What’s your view on Harlem during the past ten years you have been living here? As with the Lower East Side, you are writing about Harlem at a time when it is undergoing a rapid transformation.
One of the detectives in the 32, the Harlem precinct, told me that the two greatest crime-fighters in this city are sheetrock and cranes. You have people living in Harlem all their lives, multi-generational, and all this new construction, all these new businesses—it’s not for them. Every time they see trees being planted, it’s not for them. It’s for the people who are coming. And they’ll be white, for the most part.

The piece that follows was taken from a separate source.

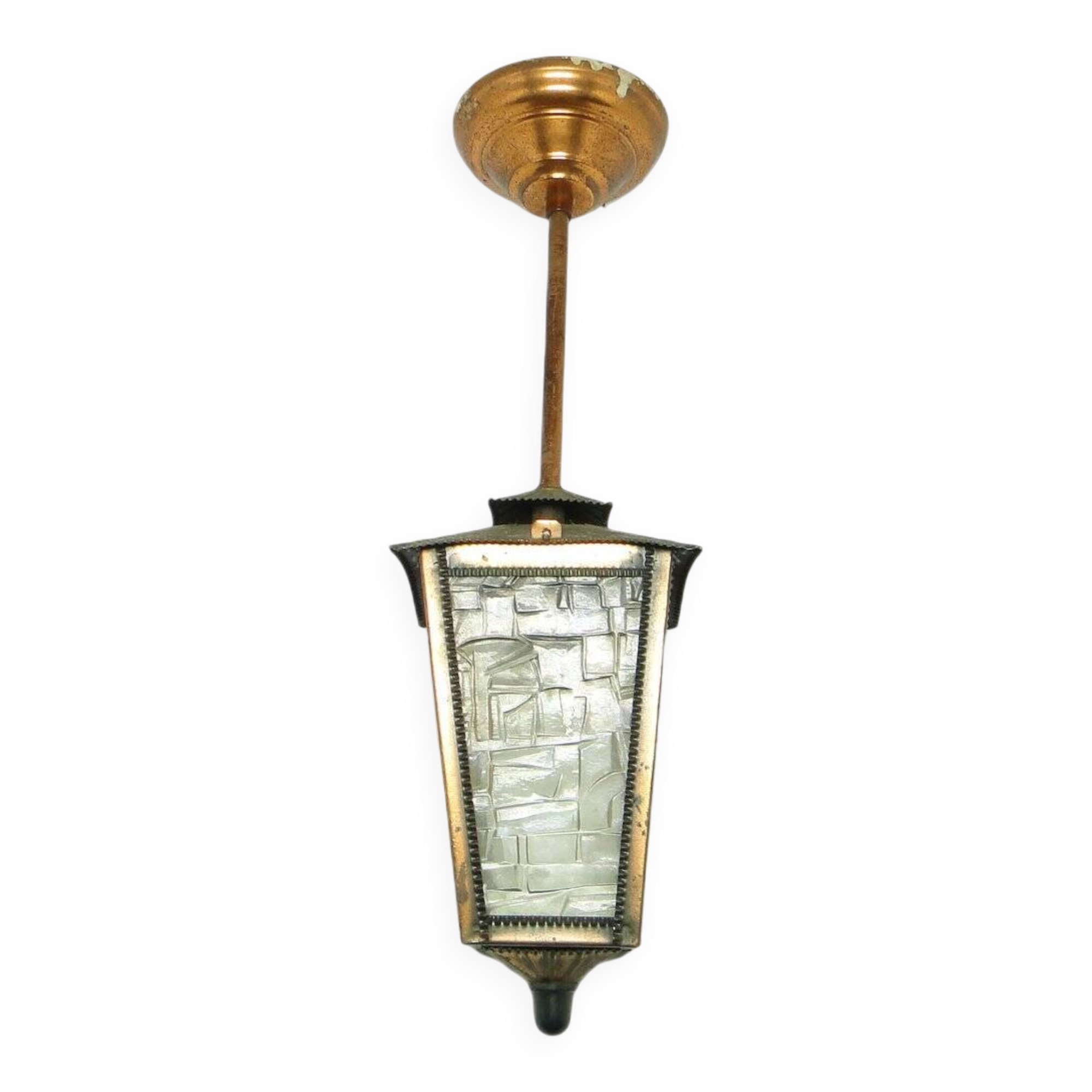 Vintage Polish pendant lamp from Polam, 1970s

Michael Greenberg in the New York Review did interviews with a lot of tenants in Crown Heights, Brownsville, and East New York as the developers have been pouring in. And one woman who was getting forced out of her apartment on Schenectady Avenue told him, ‘We watched over this street, we cleaned it up. Why should we have to leave?’
In what city can you not give voice to that sentiment? There are homeowners who moved to Harlem at the worst of times, a black couple, say: their children are grown, they’re in retirement, and they live in a brownstone, yes—but they were here in the crack days. They were here in the heroin ‘70s. They were here through all of it and they held fast. And now they’re older, their children are gone, and they have less income. They might have bought that turn of the century brownstone for $30,000 in 1968 but now they can’t afford any more infrastructure repairs, so it’s probably in bad shape. Then someone knocks on your door and offers you a million bucks.

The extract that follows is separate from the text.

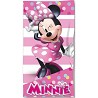 Toalla Infantil de Playa Minnie Mouse Disney Rosa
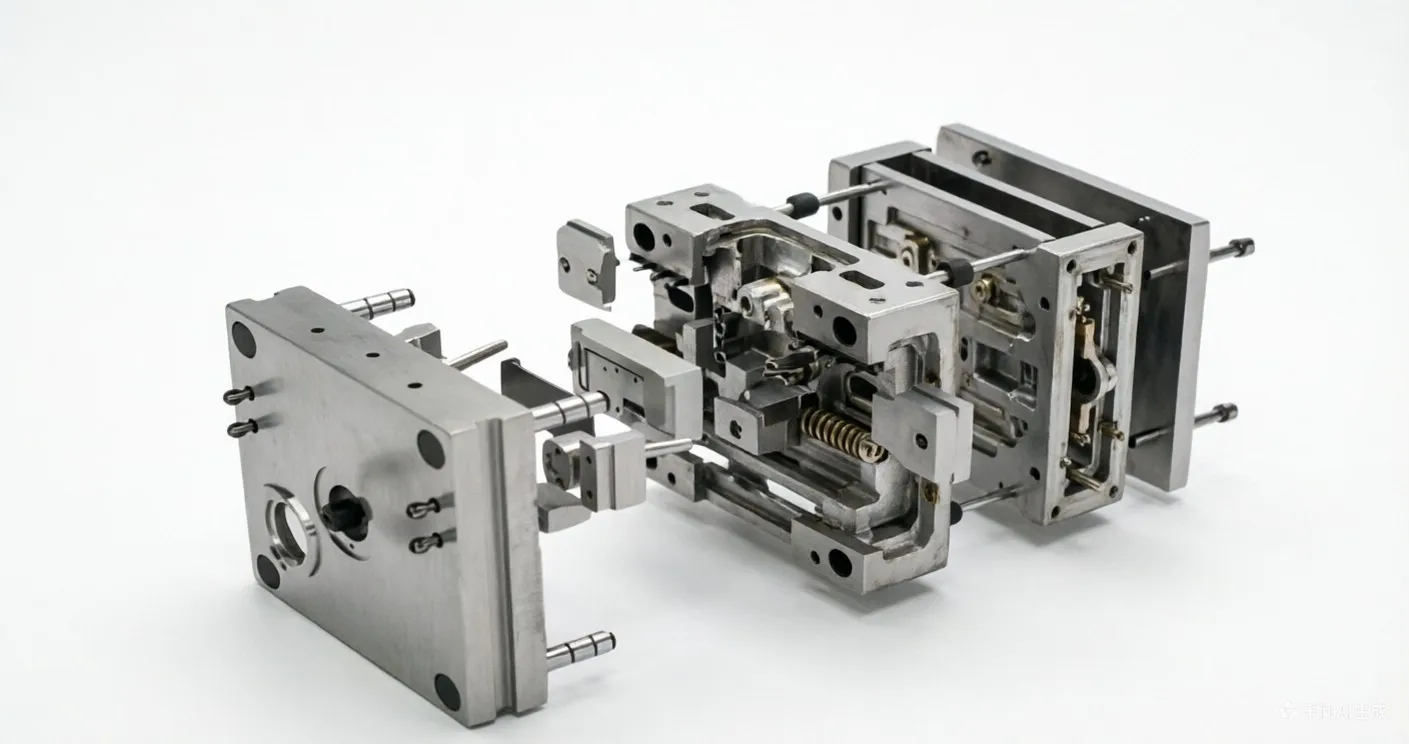 斯惠威精密模具中心 — 高精度CNC/EDM模具加工设备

The buyers are mainly interested in the land rights so they’ll probably tear that place down—but how could you say no? The thing is, are they going to live in New York? Nope. They’re going to go back down south, because whatever they pay you to buy your place, that’s how much you have to get another. So everybody’s going back to Carolina. Virginia. Maryland. Harlem was enough of a moonscape during the very bad years, but these people kept it from being a complete moonscape. These are the people who kept churches in business and went to work every day. They were the stabilizers in a troubled, chaotic time. But real estate wants what it wants and that’s that.

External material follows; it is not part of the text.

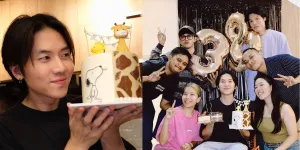 Rafael Tan Genap 38 Tahun, Dapat Surprise - Wajah Kayak ABG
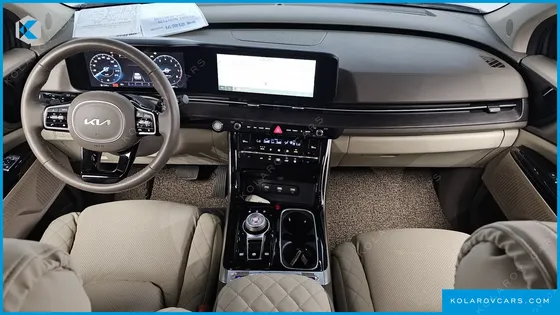 KIA CARNIVAL GASOLINE 4-SEATER HI-LIMOUSINE (SPECIAL)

Nobody I know who was living on the Lower East Side in 2005 could afford to live in it now. It was still a microclimate then. Starting in the 1970s, you had young people coming into a funky neighborhood because they’re young and want adventure in their life. They want to feel like they’re having an experience. They’re creative. And they enjoy the frisson of living in a down at the heels community. To walk down Orchard Street or Ludlow Street in 2003 or 2004 was really different; it was exciting because of the mix and match. Then when real estate people come in, they smell the espresso and it all goes to hell.